(Data excerpts begins)

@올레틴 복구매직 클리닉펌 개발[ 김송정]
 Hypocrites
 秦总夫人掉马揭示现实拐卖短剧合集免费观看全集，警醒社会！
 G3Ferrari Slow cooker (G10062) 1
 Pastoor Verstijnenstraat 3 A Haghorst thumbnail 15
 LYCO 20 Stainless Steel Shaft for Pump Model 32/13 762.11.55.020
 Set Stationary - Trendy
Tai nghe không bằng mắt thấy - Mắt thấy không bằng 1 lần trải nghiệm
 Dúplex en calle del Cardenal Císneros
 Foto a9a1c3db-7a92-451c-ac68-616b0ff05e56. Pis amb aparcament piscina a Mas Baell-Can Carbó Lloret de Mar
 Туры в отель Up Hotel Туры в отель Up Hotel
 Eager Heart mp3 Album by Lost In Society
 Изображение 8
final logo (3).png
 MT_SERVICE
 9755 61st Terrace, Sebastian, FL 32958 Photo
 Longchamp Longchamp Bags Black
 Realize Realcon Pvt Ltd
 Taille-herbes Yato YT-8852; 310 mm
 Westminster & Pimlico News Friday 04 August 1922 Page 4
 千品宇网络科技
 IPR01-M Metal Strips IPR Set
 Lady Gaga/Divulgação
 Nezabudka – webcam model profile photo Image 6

(Data excerpts ends)

* To do *
Would you transcribe the records above exactly, leaving nothing out?

* Solution to this task *
@올레틴 복구매직 클리닉펌 개발[ 김송정]
 Hypocrites
 秦总夫人掉马揭示现实拐卖短剧合集免费观看全集，警醒社会！
 G3Ferrari Slow cooker (G10062) 1
 Pastoor Verstijnenstraat 3 A Haghorst thumbnail 15
 LYCO 20 Stainless Steel Shaft for Pump Model 32/13 762.11.55.020
 Set Stationary - Trendy
Tai nghe không bằng mắt thấy - Mắt thấy không bằng 1 lần trải nghiệm
 Dúplex en calle del Cardenal Císneros
 Foto a9a1c3db-7a92-451c-ac68-616b0ff05e56. Pis amb aparcament piscina a Mas Baell-Can Carbó Lloret de Mar
 Туры в отель Up Hotel Туры в отель Up Hotel
 Eager Heart mp3 Album by Lost In Society
 Изображение 8
final logo (3).png
 MT_SERVICE
 9755 61st Terrace, Sebastian, FL 32958 Photo
 Longchamp Longchamp Bags Black
 Realize Realcon Pvt Ltd
 Taille-herbes Yato YT-8852; 310 mm
 Westminster & Pimlico News Friday 04 August 1922 Page 4
 千品宇网络科技
 IPR01-M Metal Strips IPR Set
 Lady Gaga/Divulgação
 Nezabudka – webcam model profile photo Image 6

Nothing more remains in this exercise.